Two days later, Hakomeyimana was dead.
He was an experienced rider and owned a bike in good condition, according to his brother, who works as a mechanic. "But even for him, it wasn't safe," he said.
At the house the brothers shared in Athlone, a working-class neighbourhood near the city, friends and relatives gathered to pray a few days after the accident. A framed portrait of Hakomeyimana, fresh-faced and neatly dressed, hung in the lounge.
Back in Rwanda he had been a truck driver, hauling cargo across East Africa. If he had died on the job, the company would have been obliged to cover his funeral and pay a lump sum, the mourners said.
In South Africa, his family got nothing.
"They just give you a job, they don't look after you afterwards," said Nshimiyamana, the courier's friend.
In the same week Hakomeyimana died, a delivery bike caught fire in central Cape Town; the flames had to be extinguished by city firefighters.
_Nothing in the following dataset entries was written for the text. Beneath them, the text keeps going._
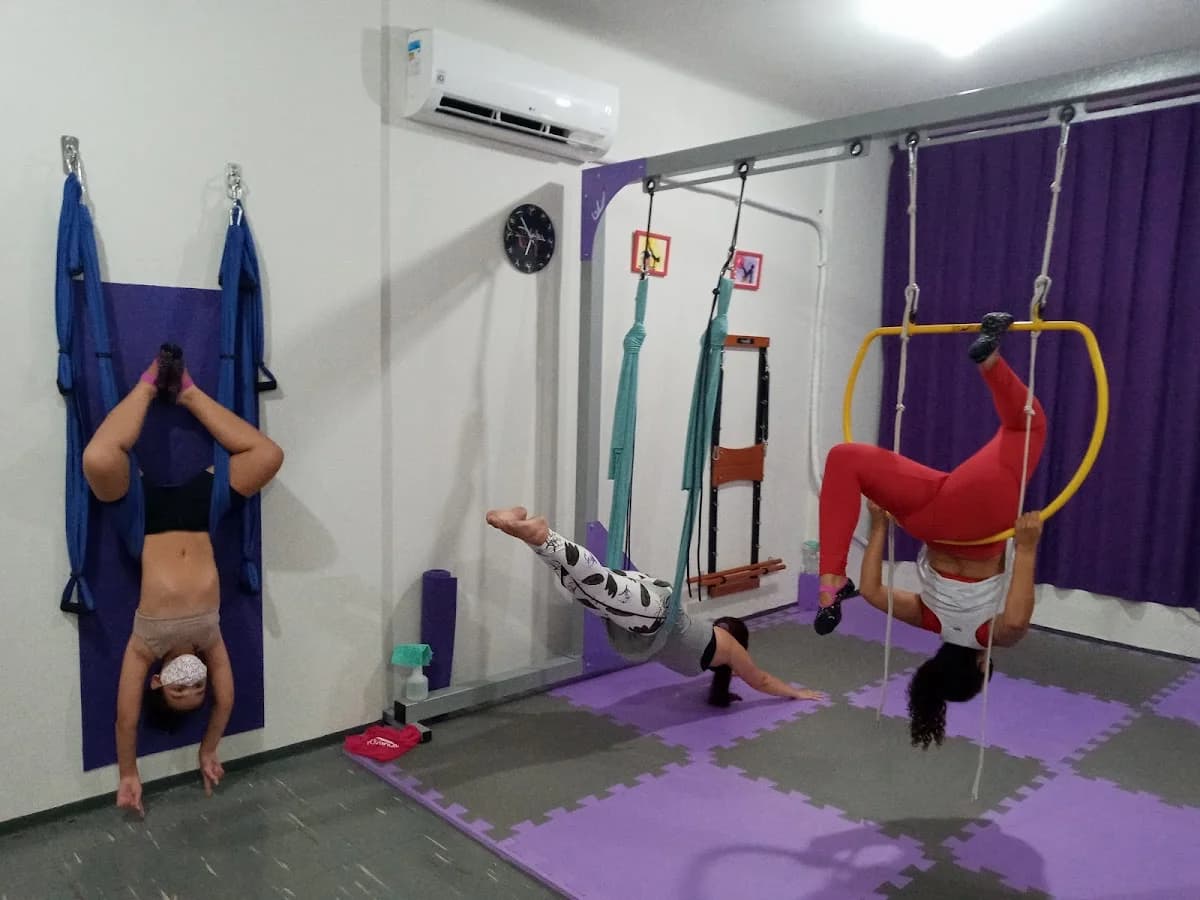 Odete Ferreira Studio de Pilates & NeoPilates – foto 3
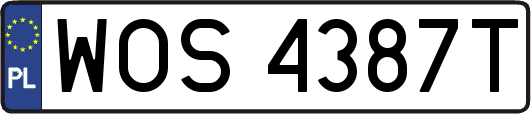 WOS4387T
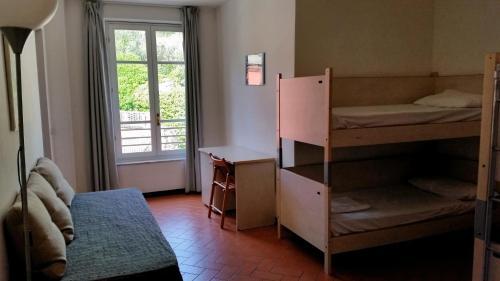 Hostal Hostel Ospitalia Del Mare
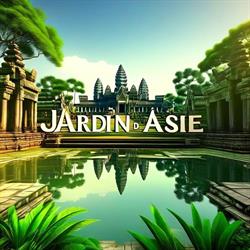 Jardin D'asie, Segré - Horaires d'ouverture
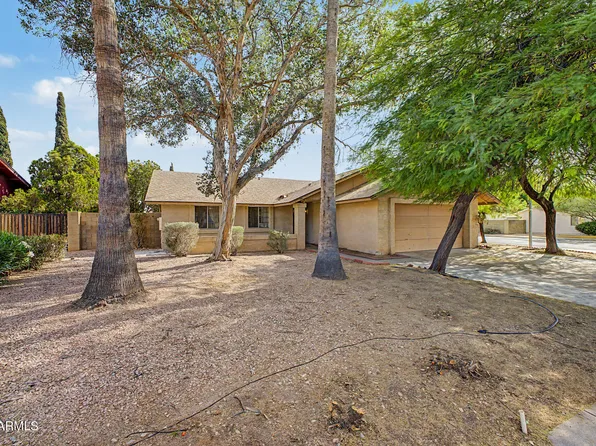 6245 E PRINCESS Drive, Mesa, AZ 85205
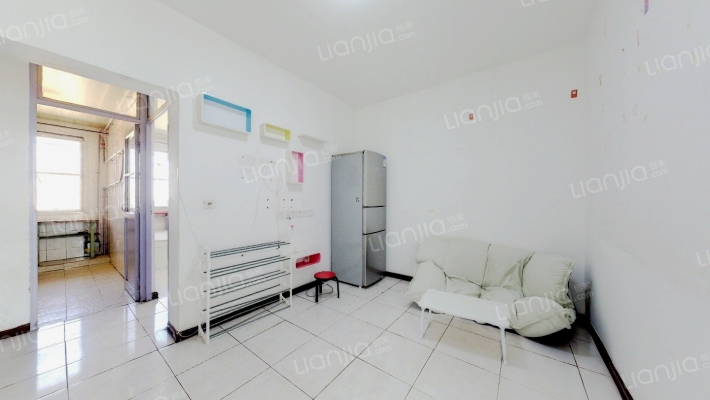 运河西大街8号院二手房实景图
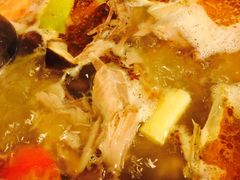 -红烧鸭老鸭汤(金泉路店)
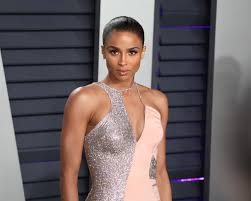 350 x 420 jpeg 29 кб. Ciara So Proud To Display Natural Hair After Years Of Relaxer Damage Madamenoire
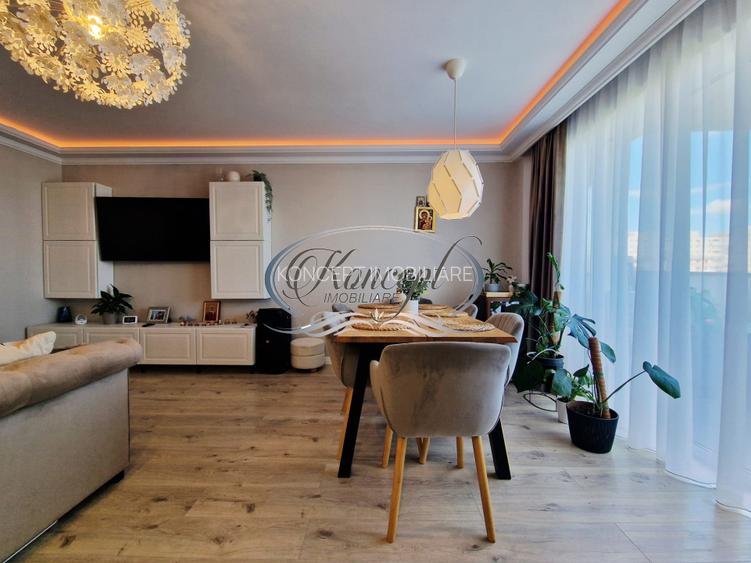 Apartament premium aproape de Iulius Mall - 4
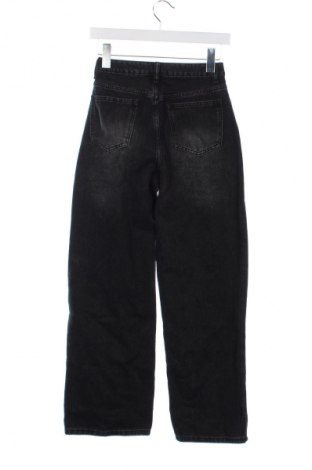 Damen Jeans SHEIN, Größe XXS, Farbe Schwarz, Preis € 11,99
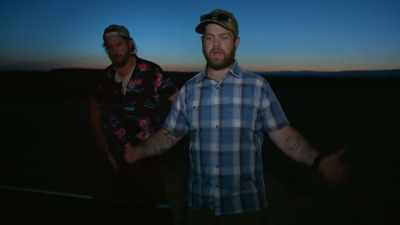 We've got cameras all around us, uh,
try and get as much sky as possible. - Jack Osbourne's Night of Terror: UFOs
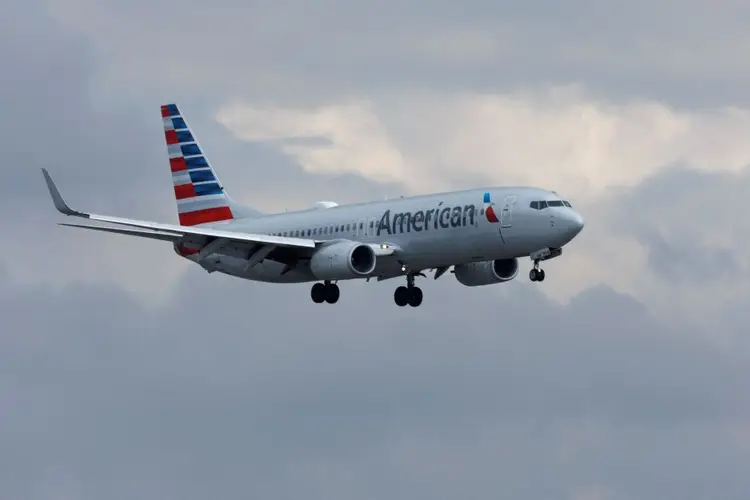 American Airlines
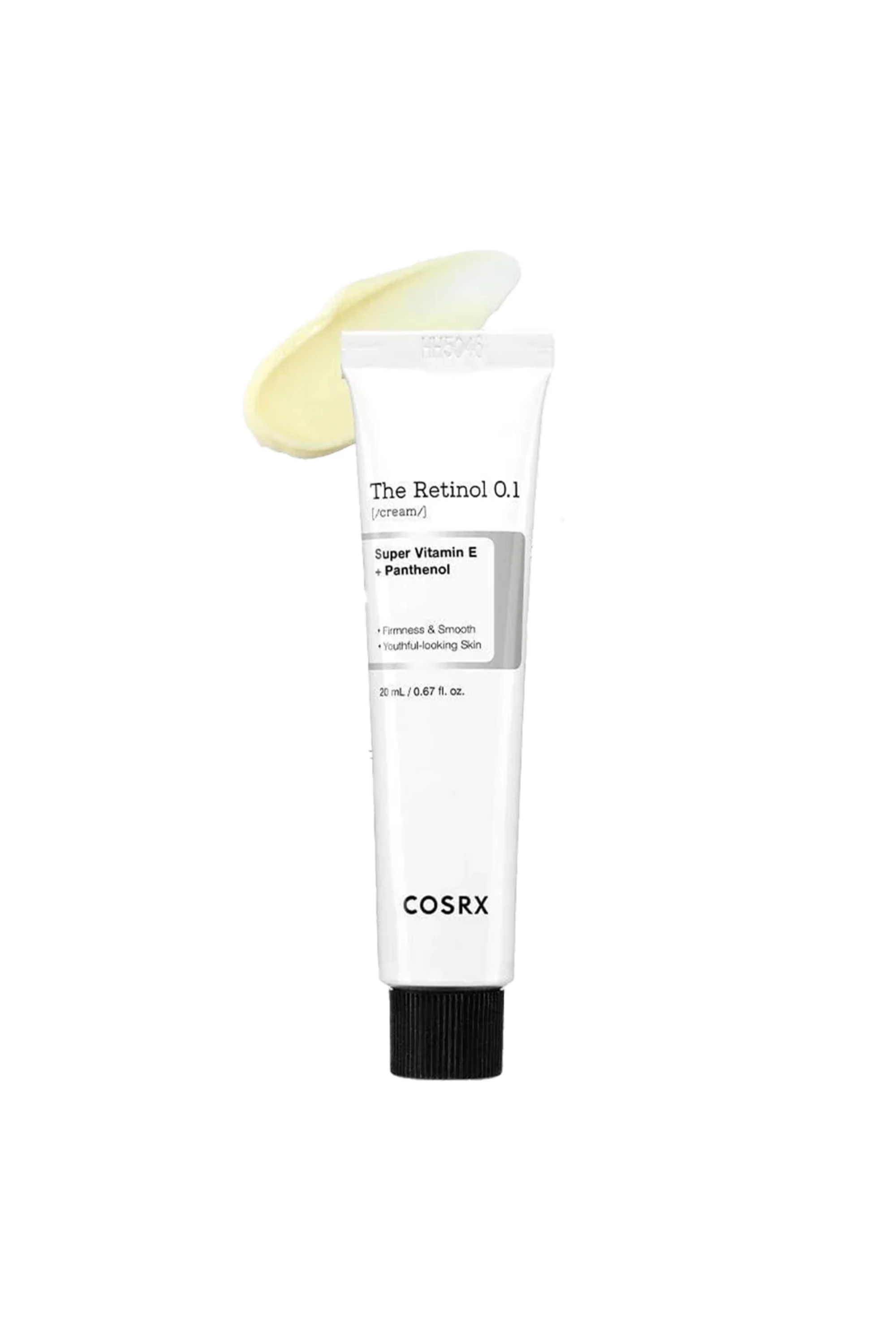 COSRX THE RETINOL 0.1 CREAM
At least three more riders crashed within a 2-mile radius. Heavy winter rains made driving especially hazardous, but the orders continued pouring in.
A courier from Tanzania witnessed all but one of these accidents. An undocumented migrant, he was involved in an accident of his own in March, badly injuring his knee.
The courier said he crossed the border illegally in 2016, hiding in the back of a truck. In South Africa he purchased false papers and began working for Uber Eats, sending money back home to his mother and younger siblings.
He came upon the scene of Hakomeyimana's crash while returning from a delivery, he said. He recognised the body amid the wreckage beside the road.
Since then, he said, he has cut back on his working hours. He needs the money but is afraid he may be next.